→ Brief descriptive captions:

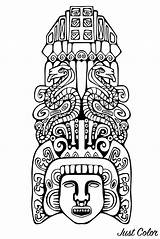 Totem Mayan Mayans Incas Coloring Aztecs Aztec Inca Inspiration Inspired Pages Adult sketch template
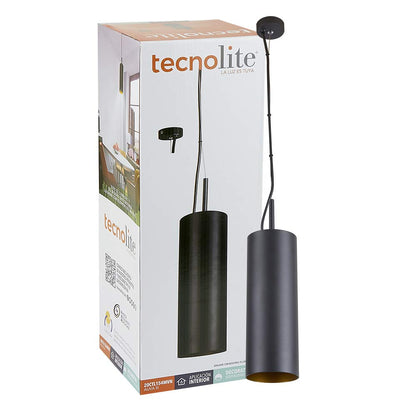 Tecnolite Lámpara Colgante, Base E27, Luz Colgante de Techo Moderno, Color Negro, 100 - 240 V,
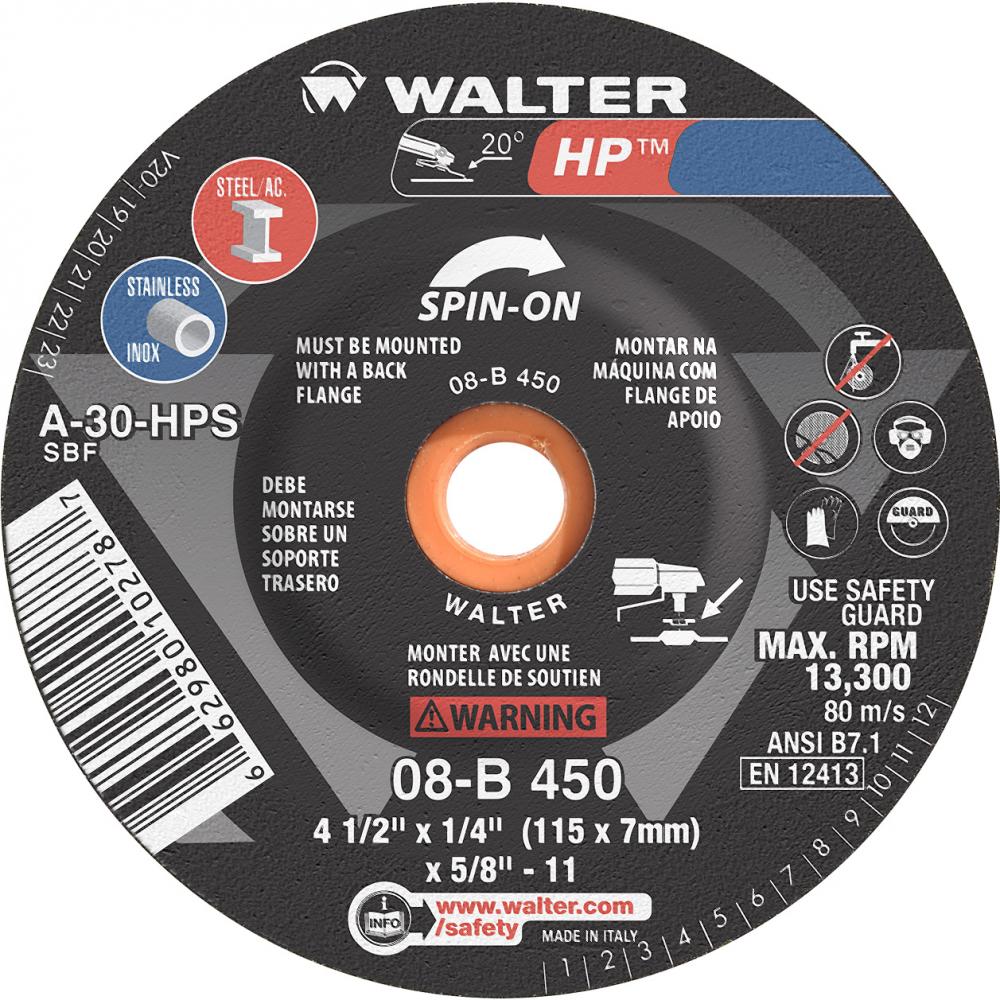 4-1/2X1/4 HP SPIN-ON GR WHEELS<span class=' ItemWarning' style='display:block;'>Item is usually in stock, but we&#39;ll be in touch if there&#39;s a problem<br /></span>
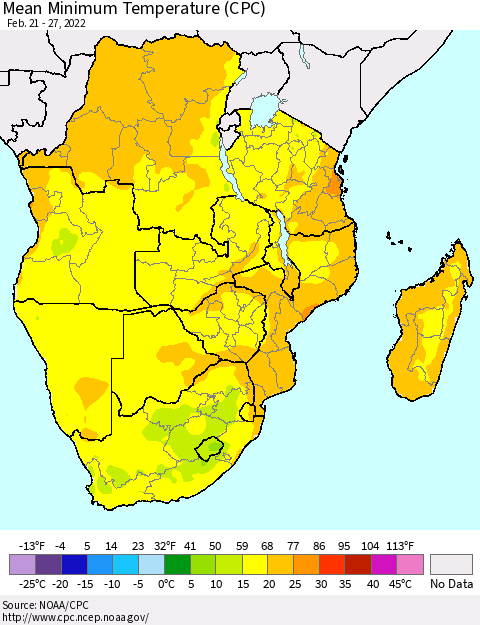 Southern Africa Mean Minimum Temperature (CPC) Thematic Map For 2/21/2022 - 2/27/2022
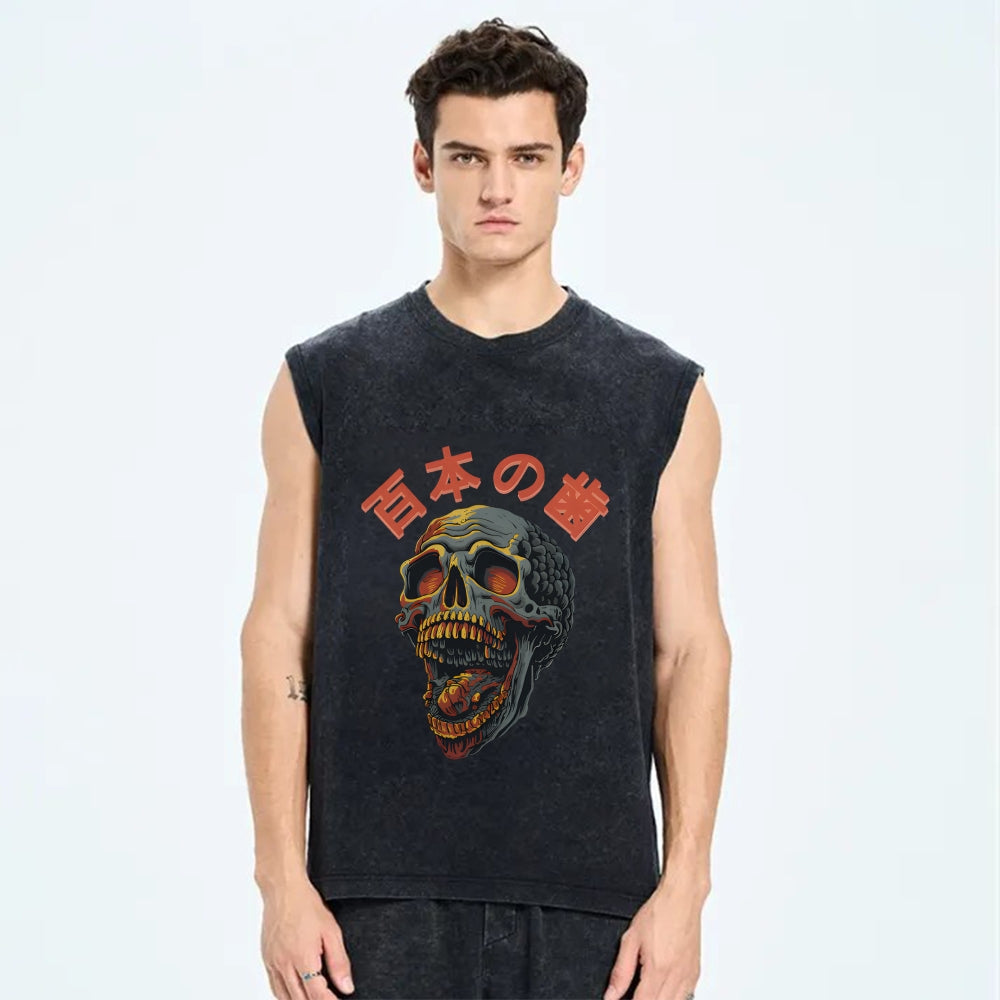 Japanese Style Skull Vintage Distressed Washed Tank Top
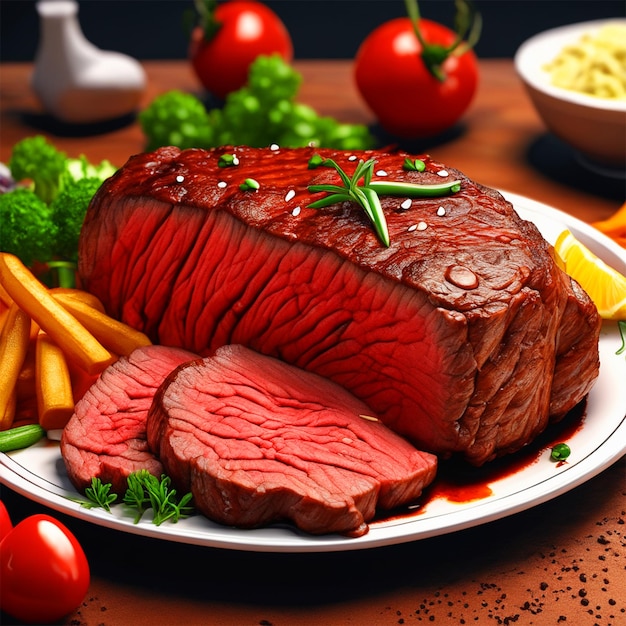 Nehmen Sie eine Nahaufnahme eines köstlichen Rindfleischs mit mittlerer, seltener Barbecue, der eine verlockende Allu ausstrahlt.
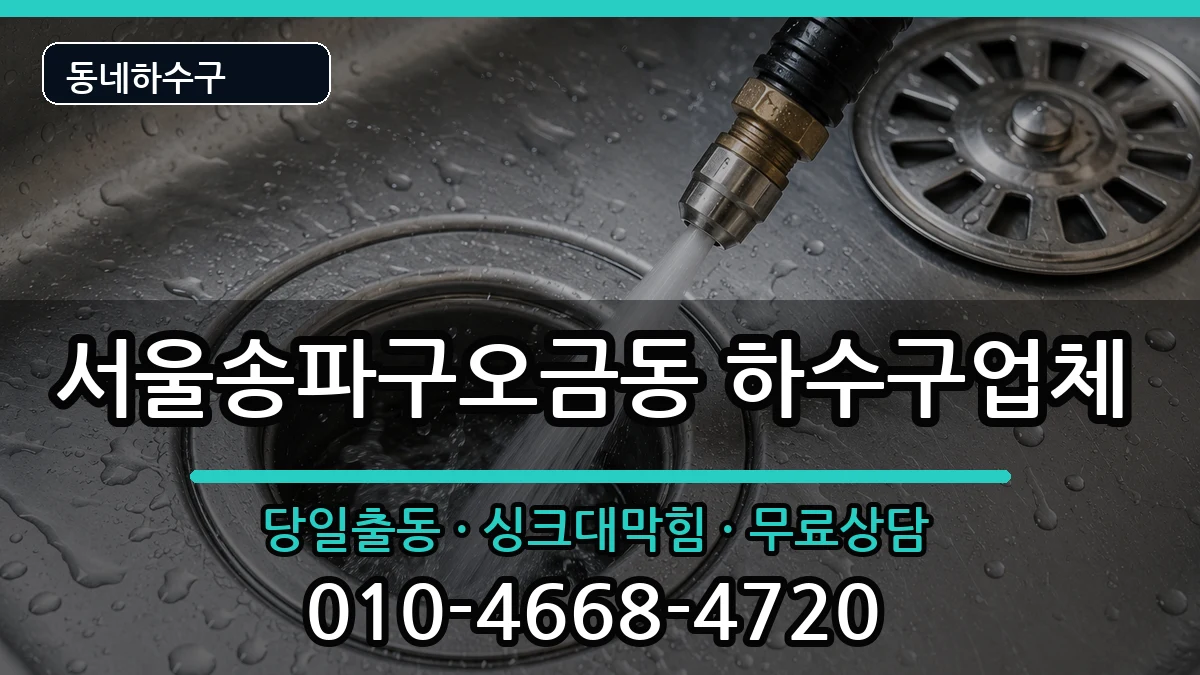 서울송파구오금동  하수구막힘 비용형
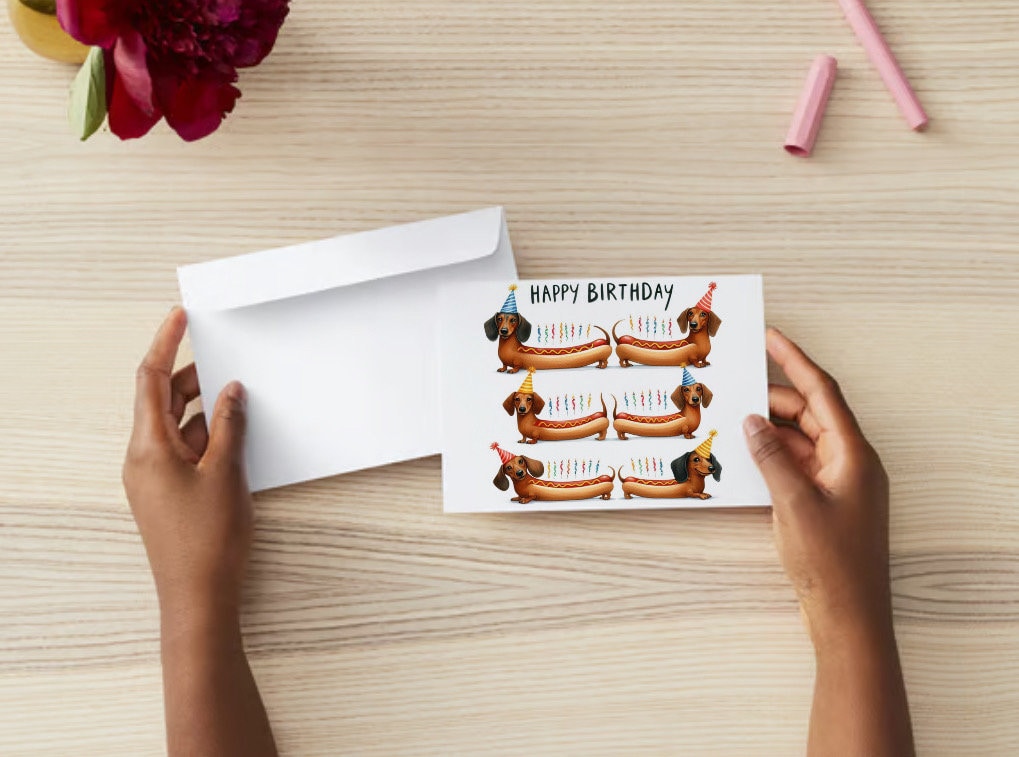 Dachshund Birthday Card Hotdog Printable Digital Download Greeting Gift ...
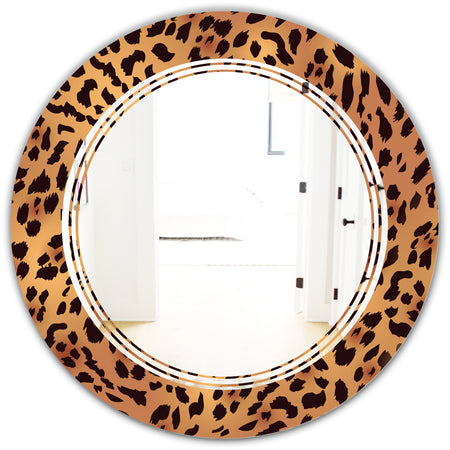 Leopard Fur Safari III - Modern Round or Oval Wall Mirror - Triple C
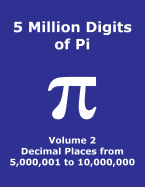 5 Million Digits of Pi - Volume 2 - Decimal Places from 5,000,001 to 10,000,000: 2nd 5000000 decimal places; 8000 digits on page; Digit counter on each row; Offset column index; Pi Day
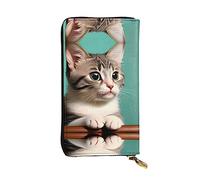 WZYCWB 19 x 10,4 cm de long, un portefeuille en cuir curieux chat, compartiment à fermeture éclair, grande capacité, un bon cadeau pour les amis, noir, One Size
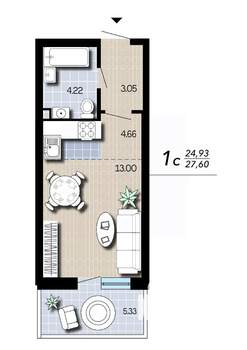 Студия квартира, вторичка, 28м2, 2/16 этаж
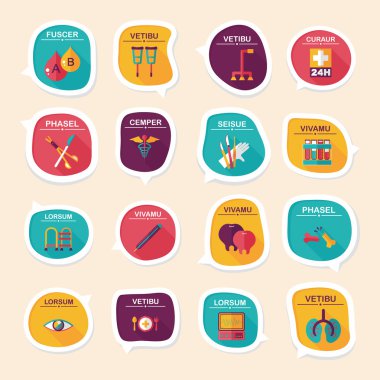 Hastane kabarcık konuşma afiş tasarım düz arka plan ayarlamak, eps10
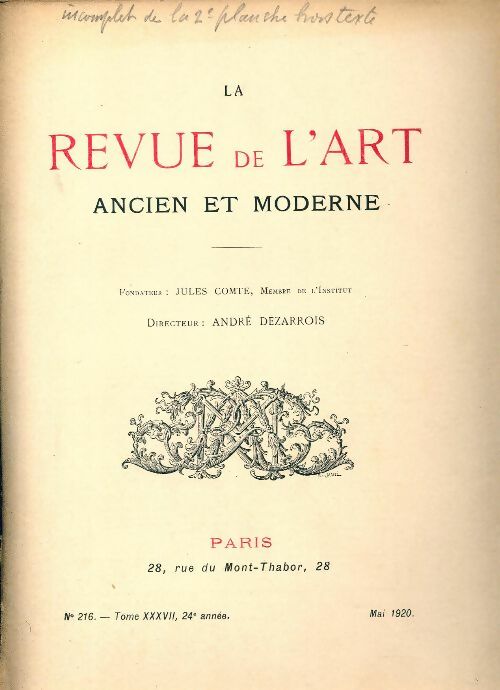 Revue de l'art ancien et moderne n°216 - Collectif - Livre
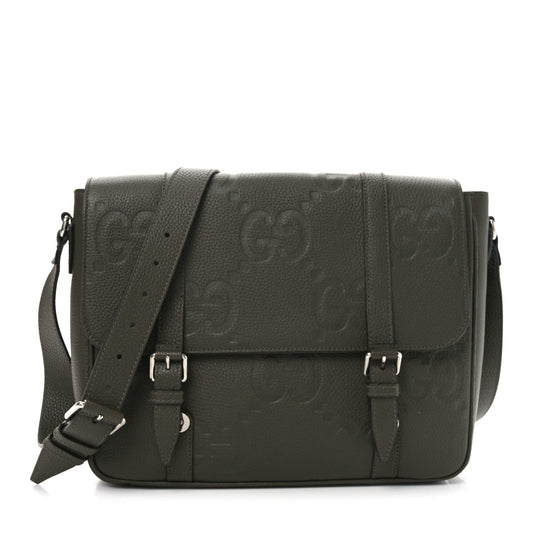 Piuma Calfskin Jumbo GG Embossed Double Buckle Medium Messenger Bag Dark Vintage Olive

→ EXERCISE PROMPT: Give back the exact lines above, running from the one that has "4-1/2X1/4 HP SPIN-ON" through the one that has "Southern Africa Mean", with nothing added and no pictures.

→ RESULT FOR THIS TASK:
 4-1/2X1/4 HP SPIN-ON GR WHEELS<span class=' ItemWarning' style='display:block;'>Item is usually in stock, but we&#39;ll be in touch if there&#39;s a problem<br /></span>
 Southern Africa Mean Minimum Temperature (CPC) Thematic Map For 2/21/2022 - 2/27/2022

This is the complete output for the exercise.